As far as MS is concerned, I could be a janitor at Company X who saw an unused box sitting in a closet and decided to write down the product key. If they don't know who sold what to who and when, how can they know the difference between the janitor who wrote down the a product key and the small business owner who bought a refurbished system with a legit license from a third party?
If MS sells 500 or 1,000 XP Pro licenses you'd think they'd have some sort of record of who they sold them to. You'd think accounting might want to know this, but I'm just a developer, so what do I know.
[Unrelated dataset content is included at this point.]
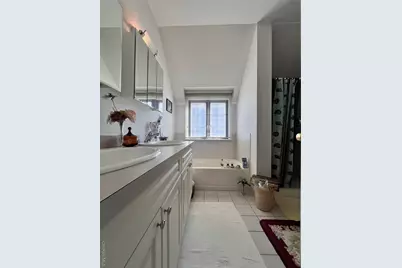 168-15 Powells Cove Blvd, Whitestone, NY 11357 - Photo 18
I may get flamed for this but...
I had to do it. I did not mine from my brother I got it through shady ways...but I only use it for testing my sites in IE otherwise I am all open sores.... source I mean
[edited by: bill at 12:08 am (utc) on April 27, 2006]
[edit reason] This is not the place to help people illegally obtain software [/edit]
It is the non-critical updates that are not available to "bad" Windows versions.
I think even Gates is worried about the hole that would open if they denied updates to outdated computers running their software that was not secure and they could even be held liable for such action.
1.) A section of the market is now unable to update XP.
2.) That section transfer to Linux.
3.) Linix market share increases.
4.) Greater demand for standard applications on Linux (Dreamweaver, Photoshop etc).
5.) The day when Linux does what the masses need approaches faster than it did.
Well done MS :)
I'm waiting for the day when I can dump XP and and run things like DreamWeaver and Photoshop on Linux.